* [Exercise details] The records that appear below are to be restated word for word.

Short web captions
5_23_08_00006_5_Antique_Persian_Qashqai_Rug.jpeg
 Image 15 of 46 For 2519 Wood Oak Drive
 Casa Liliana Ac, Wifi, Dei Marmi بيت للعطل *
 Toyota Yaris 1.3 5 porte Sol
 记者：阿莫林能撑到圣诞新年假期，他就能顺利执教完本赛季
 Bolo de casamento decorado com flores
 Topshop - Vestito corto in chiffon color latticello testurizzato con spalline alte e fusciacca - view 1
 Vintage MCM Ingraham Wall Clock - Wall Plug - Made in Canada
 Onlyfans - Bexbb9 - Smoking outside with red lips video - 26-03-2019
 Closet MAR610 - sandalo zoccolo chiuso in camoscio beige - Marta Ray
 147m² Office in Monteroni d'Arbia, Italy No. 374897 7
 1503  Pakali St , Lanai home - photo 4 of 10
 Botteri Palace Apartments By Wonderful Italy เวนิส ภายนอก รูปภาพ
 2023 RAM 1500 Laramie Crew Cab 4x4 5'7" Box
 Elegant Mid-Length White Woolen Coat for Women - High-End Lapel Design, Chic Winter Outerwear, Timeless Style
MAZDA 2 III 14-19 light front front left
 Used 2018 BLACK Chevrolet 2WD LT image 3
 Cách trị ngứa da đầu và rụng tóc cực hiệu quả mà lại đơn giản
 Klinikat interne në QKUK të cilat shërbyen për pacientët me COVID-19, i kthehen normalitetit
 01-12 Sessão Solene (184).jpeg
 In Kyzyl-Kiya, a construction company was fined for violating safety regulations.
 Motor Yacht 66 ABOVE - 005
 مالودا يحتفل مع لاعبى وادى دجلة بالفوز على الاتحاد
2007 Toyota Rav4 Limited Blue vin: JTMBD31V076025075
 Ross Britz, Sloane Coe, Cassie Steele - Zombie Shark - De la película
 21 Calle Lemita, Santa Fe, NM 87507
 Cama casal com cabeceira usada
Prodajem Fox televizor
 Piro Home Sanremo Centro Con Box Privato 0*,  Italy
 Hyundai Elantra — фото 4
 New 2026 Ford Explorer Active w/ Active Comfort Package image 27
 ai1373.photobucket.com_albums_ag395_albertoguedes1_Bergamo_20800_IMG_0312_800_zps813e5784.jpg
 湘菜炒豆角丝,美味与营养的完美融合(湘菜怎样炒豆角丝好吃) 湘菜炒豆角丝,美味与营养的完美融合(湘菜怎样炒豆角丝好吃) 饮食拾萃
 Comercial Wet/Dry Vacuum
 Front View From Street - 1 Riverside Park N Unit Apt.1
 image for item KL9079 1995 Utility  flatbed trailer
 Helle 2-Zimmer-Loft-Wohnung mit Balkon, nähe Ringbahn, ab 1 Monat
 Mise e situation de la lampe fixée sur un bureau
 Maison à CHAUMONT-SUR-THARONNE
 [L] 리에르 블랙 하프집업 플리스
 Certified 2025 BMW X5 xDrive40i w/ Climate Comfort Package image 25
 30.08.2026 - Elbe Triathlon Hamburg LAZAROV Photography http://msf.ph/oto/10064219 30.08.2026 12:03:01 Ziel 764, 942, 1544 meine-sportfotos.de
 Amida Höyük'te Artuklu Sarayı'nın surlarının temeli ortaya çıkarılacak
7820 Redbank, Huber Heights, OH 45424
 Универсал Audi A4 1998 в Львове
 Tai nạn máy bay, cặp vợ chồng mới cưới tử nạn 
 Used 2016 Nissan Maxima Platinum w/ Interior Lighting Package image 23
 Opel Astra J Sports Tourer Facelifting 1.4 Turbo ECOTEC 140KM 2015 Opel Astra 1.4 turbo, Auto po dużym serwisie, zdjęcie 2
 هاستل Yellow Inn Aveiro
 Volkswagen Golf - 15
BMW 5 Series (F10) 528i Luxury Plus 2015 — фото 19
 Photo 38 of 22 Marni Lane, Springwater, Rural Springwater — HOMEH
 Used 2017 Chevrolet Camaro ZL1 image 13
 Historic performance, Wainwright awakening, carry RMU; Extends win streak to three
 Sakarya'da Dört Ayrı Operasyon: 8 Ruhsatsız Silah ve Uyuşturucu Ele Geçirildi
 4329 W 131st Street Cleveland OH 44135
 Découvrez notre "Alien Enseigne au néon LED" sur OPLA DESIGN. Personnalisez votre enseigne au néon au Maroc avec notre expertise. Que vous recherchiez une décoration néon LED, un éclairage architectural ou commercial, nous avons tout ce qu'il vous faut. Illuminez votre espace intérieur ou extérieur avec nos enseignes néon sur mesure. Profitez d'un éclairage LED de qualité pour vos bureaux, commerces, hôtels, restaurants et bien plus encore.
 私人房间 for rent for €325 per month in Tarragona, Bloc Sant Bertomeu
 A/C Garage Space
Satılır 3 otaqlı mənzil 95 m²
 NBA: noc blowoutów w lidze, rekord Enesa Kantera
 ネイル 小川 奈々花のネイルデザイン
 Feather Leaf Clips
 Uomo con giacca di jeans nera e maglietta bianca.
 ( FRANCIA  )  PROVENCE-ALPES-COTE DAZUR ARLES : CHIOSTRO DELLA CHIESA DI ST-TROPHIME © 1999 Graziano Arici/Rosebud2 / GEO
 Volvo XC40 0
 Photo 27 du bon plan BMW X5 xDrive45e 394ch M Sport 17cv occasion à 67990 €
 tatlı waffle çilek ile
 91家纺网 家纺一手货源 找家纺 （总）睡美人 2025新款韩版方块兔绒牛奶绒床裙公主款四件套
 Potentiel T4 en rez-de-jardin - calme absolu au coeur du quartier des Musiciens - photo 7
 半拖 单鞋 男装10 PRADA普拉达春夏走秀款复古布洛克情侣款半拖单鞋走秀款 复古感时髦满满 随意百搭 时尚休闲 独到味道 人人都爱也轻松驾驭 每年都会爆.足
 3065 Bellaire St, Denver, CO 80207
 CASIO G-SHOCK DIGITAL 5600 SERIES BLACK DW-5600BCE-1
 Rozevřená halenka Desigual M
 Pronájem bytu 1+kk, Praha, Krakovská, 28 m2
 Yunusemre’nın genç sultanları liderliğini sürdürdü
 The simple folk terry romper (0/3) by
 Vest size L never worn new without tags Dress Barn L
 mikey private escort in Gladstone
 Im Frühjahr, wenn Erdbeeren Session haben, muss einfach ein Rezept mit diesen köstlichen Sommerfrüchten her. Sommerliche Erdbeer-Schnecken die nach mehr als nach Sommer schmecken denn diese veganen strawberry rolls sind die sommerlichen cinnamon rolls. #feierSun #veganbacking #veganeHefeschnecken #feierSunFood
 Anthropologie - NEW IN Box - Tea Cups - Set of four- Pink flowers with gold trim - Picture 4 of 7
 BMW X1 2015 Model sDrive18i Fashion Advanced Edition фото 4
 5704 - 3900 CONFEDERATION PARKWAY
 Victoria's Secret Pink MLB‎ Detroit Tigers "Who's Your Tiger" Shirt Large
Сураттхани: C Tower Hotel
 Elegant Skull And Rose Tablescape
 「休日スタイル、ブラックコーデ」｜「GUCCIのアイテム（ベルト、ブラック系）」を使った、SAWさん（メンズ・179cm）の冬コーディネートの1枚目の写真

* [Written answer]
5_23_08_00006_5_Antique_Persian_Qashqai_Rug.jpeg
 Image 15 of 46 For 2519 Wood Oak Drive
 Casa Liliana Ac, Wifi, Dei Marmi بيت للعطل *
 Toyota Yaris 1.3 5 porte Sol
 记者：阿莫林能撑到圣诞新年假期，他就能顺利执教完本赛季
 Bolo de casamento decorado com flores
 Topshop - Vestito corto in chiffon color latticello testurizzato con spalline alte e fusciacca - view 1
 Vintage MCM Ingraham Wall Clock - Wall Plug - Made in Canada
 Onlyfans - Bexbb9 - Smoking outside with red lips video - 26-03-2019
 Closet MAR610 - sandalo zoccolo chiuso in camoscio beige - Marta Ray
 147m² Office in Monteroni d'Arbia, Italy No. 374897 7
 1503  Pakali St , Lanai home - photo 4 of 10
 Botteri Palace Apartments By Wonderful Italy เวนิส ภายนอก รูปภาพ
 2023 RAM 1500 Laramie Crew Cab 4x4 5'7" Box
 Elegant Mid-Length White Woolen Coat for Women - High-End Lapel Design, Chic Winter Outerwear, Timeless Style
MAZDA 2 III 14-19 light front front left
 Used 2018 BLACK Chevrolet 2WD LT image 3
 Cách trị ngứa da đầu và rụng tóc cực hiệu quả mà lại đơn giản
 Klinikat interne në QKUK të cilat shërbyen për pacientët me COVID-19, i kthehen normalitetit
 01-12 Sessão Solene (184).jpeg
 In Kyzyl-Kiya, a construction company was fined for violating safety regulations.
 Motor Yacht 66 ABOVE - 005
 مالودا يحتفل مع لاعبى وادى دجلة بالفوز على الاتحاد
2007 Toyota Rav4 Limited Blue vin: JTMBD31V076025075
 Ross Britz, Sloane Coe, Cassie Steele - Zombie Shark - De la película
 21 Calle Lemita, Santa Fe, NM 87507
 Cama casal com cabeceira usada
Prodajem Fox televizor
 Piro Home Sanremo Centro Con Box Privato 0*,  Italy
 Hyundai Elantra — фото 4
 New 2026 Ford Explorer Active w/ Active Comfort Package image 27
 ai1373.photobucket.com_albums_ag395_albertoguedes1_Bergamo_20800_IMG_0312_800_zps813e5784.jpg
 湘菜炒豆角丝,美味与营养的完美融合(湘菜怎样炒豆角丝好吃) 湘菜炒豆角丝,美味与营养的完美融合(湘菜怎样炒豆角丝好吃) 饮食拾萃
 Comercial Wet/Dry Vacuum
 Front View From Street - 1 Riverside Park N Unit Apt.1
 image for item KL9079 1995 Utility  flatbed trailer
 Helle 2-Zimmer-Loft-Wohnung mit Balkon, nähe Ringbahn, ab 1 Monat
 Mise e situation de la lampe fixée sur un bureau
 Maison à CHAUMONT-SUR-THARONNE
 [L] 리에르 블랙 하프집업 플리스
 Certified 2025 BMW X5 xDrive40i w/ Climate Comfort Package image 25
 30.08.2026 - Elbe Triathlon Hamburg LAZAROV Photography http://msf.ph/oto/10064219 30.08.2026 12:03:01 Ziel 764, 942, 1544 meine-sportfotos.de
 Amida Höyük'te Artuklu Sarayı'nın surlarının temeli ortaya çıkarılacak
7820 Redbank, Huber Heights, OH 45424
 Универсал Audi A4 1998 в Львове
 Tai nạn máy bay, cặp vợ chồng mới cưới tử nạn 
 Used 2016 Nissan Maxima Platinum w/ Interior Lighting Package image 23
 Opel Astra J Sports Tourer Facelifting 1.4 Turbo ECOTEC 140KM 2015 Opel Astra 1.4 turbo, Auto po dużym serwisie, zdjęcie 2
 هاستل Yellow Inn Aveiro
 Volkswagen Golf - 15
BMW 5 Series (F10) 528i Luxury Plus 2015 — фото 19
 Photo 38 of 22 Marni Lane, Springwater, Rural Springwater — HOMEH
 Used 2017 Chevrolet Camaro ZL1 image 13
 Historic performance, Wainwright awakening, carry RMU; Extends win streak to three
 Sakarya'da Dört Ayrı Operasyon: 8 Ruhsatsız Silah ve Uyuşturucu Ele Geçirildi
 4329 W 131st Street Cleveland OH 44135
 Découvrez notre "Alien Enseigne au néon LED" sur OPLA DESIGN. Personnalisez votre enseigne au néon au Maroc avec notre expertise. Que vous recherchiez une décoration néon LED, un éclairage architectural ou commercial, nous avons tout ce qu'il vous faut. Illuminez votre espace intérieur ou extérieur avec nos enseignes néon sur mesure. Profitez d'un éclairage LED de qualité pour vos bureaux, commerces, hôtels, restaurants et bien plus encore.
 私人房间 for rent for €325 per month in Tarragona, Bloc Sant Bertomeu
 A/C Garage Space
Satılır 3 otaqlı mənzil 95 m²
 NBA: noc blowoutów w lidze, rekord Enesa Kantera
 ネイル 小川 奈々花のネイルデザイン
 Feather Leaf Clips
 Uomo con giacca di jeans nera e maglietta bianca.
 ( FRANCIA  )  PROVENCE-ALPES-COTE DAZUR ARLES : CHIOSTRO DELLA CHIESA DI ST-TROPHIME © 1999 Graziano Arici/Rosebud2 / GEO
 Volvo XC40 0
 Photo 27 du bon plan BMW X5 xDrive45e 394ch M Sport 17cv occasion à 67990 €
 tatlı waffle çilek ile
 91家纺网 家纺一手货源 找家纺 （总）睡美人 2025新款韩版方块兔绒牛奶绒床裙公主款四件套
 Potentiel T4 en rez-de-jardin - calme absolu au coeur du quartier des Musiciens - photo 7
 半拖 单鞋 男装10 PRADA普拉达春夏走秀款复古布洛克情侣款半拖单鞋走秀款 复古感时髦满满 随意百搭 时尚休闲 独到味道 人人都爱也轻松驾驭 每年都会爆.足
 3065 Bellaire St, Denver, CO 80207
 CASIO G-SHOCK DIGITAL 5600 SERIES BLACK DW-5600BCE-1
 Rozevřená halenka Desigual M
 Pronájem bytu 1+kk, Praha, Krakovská, 28 m2
 Yunusemre’nın genç sultanları liderliğini sürdürdü
 The simple folk terry romper (0/3) by
 Vest size L never worn new without tags Dress Barn L
 mikey private escort in Gladstone
 Im Frühjahr, wenn Erdbeeren Session haben, muss einfach ein Rezept mit diesen köstlichen Sommerfrüchten her. Sommerliche Erdbeer-Schnecken die nach mehr als nach Sommer schmecken denn diese veganen strawberry rolls sind die sommerlichen cinnamon rolls. #feierSun #veganbacking #veganeHefeschnecken #feierSunFood
 Anthropologie - NEW IN Box - Tea Cups - Set of four- Pink flowers with gold trim - Picture 4 of 7
 BMW X1 2015 Model sDrive18i Fashion Advanced Edition фото 4
 5704 - 3900 CONFEDERATION PARKWAY
 Victoria's Secret Pink MLB‎ Detroit Tigers "Who's Your Tiger" Shirt Large
Сураттхани: C Tower Hotel
 Elegant Skull And Rose Tablescape
 「休日スタイル、ブラックコーデ」｜「GUCCIのアイテム（ベルト、ブラック系）」を使った、SAWさん（メンズ・179cm）の冬コーディネートの1枚目の写真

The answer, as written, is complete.